Esta ha sido la reivindicación principal o, si lo quieren, primaria (¿me entienden lo de secundario de las listas?) para APS. Entendemos que no se puede estar más de quince años sin hacer apenas oferta de empleo público en educación secundaria y ahora hacer una oferta de este tipo. Con estas oposiciones, no solo se recorta a la mitad la posibilidad que un interino licenciado tiene de sacar una plaza sino que además se le elimina la posibilidad de sacarla en el futuro, ya que esas plazas se habrán cubierto por promoción interna. Añádase que en los últimos quince años se han sacado miles de plazas de nivel B, y que quienes promocionen desde estos niveles dejan cientos de plazas que volverán a ser sacadas en concursos posteriores de ese nivel. Y ya lo saben (¿o no?): nadie puede promocionar al nivel B, ni desde los C y D ni desde los contratados en el nivel A siquiera: un licenciado, señores, no puede ejercer como maestro.
Y ahí vuelve a estar APS. Nuestra propuesta es que este año y por la excepcionalidad de la oferta se reserve el 5% y no el 50% para la promoción interna. No hay ningún impedimento legal y es lo que hizo Cataluña en las últimas oposiciones, celebradas en las mismas circunstancias que concurren en Navarra este año. En Galicia fueron más lejos: no reservaron ni una sola plaza de promoción interna. Creemos que 30 plazas de reserva son suficientes y se corresponden con los criterios que inspiran la promoción interna. Así se lo hemos propuesto a los demás sindicatos, pero han mirado para otro lado, quizás porque sus representantes sindicales pertenecen en su mayoría al nivel B. Tampoco la Administración quiso saber nada, seguramente por temor a movimientos en las filas de primaria, ahora más calmadas.
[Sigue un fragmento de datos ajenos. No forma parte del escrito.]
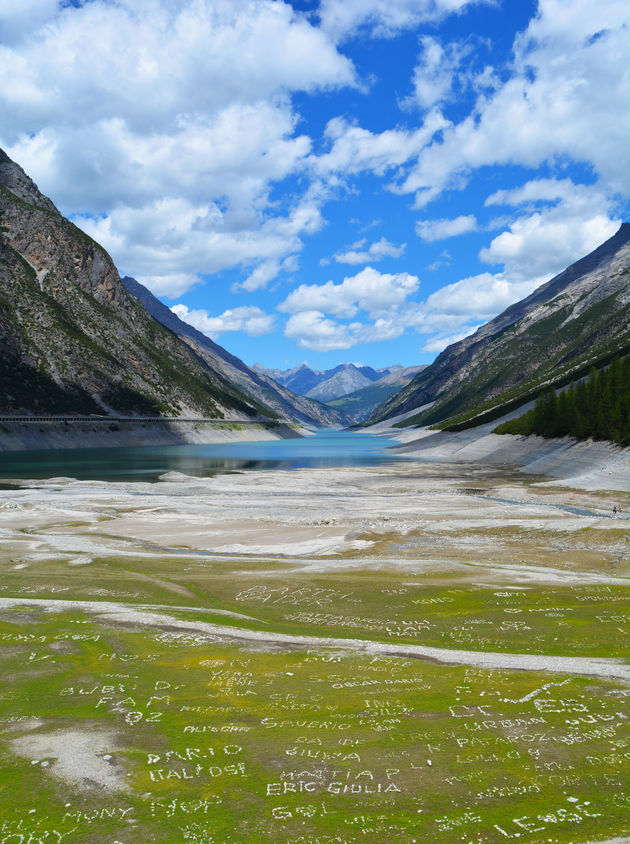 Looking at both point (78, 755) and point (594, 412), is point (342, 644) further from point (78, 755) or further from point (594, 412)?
point (594, 412)

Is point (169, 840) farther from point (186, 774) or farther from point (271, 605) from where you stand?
point (271, 605)

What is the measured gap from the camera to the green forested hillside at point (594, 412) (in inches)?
3105

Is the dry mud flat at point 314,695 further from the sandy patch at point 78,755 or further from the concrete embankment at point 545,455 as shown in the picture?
the concrete embankment at point 545,455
Por eso APS, que se creó el año pasado para defender los intereses del profesorado de secundaria -créanme que descuidados desde siempre- no secunda la huelga de los demás sindicatos. Pero tampoco está a partir un piñón, ni mucho menos, con nuestra Administración educativa. Parece que no gustamos a unos ni a otros, quizá porque –aunque no se den cuenta- les descompensamos el tradicional juego de entendimiento por debajo de la mesa: yo te doy, tú me das, este año hacemos esto, el que viene lo otro y de mil amores. Hay incluso en nuestras filas algún malpensado que cree que cuando el señor Pérez Nievas dijo que “si se demuestra que este sistema de gestión de listas lesiona a los interinos, lo cambiaré para el año que viene” venía a decir que este año se queda la cosa como está para los de secundaria y el año que viene, que habrá oposiciones de primaria, volvemos a lo de antes y todos tan contentos. Y es que nos ponemos viscerales en el fragor de la batalla.
Desde APS creemos que el asunto de las listas es secundario. ¿Me entienden?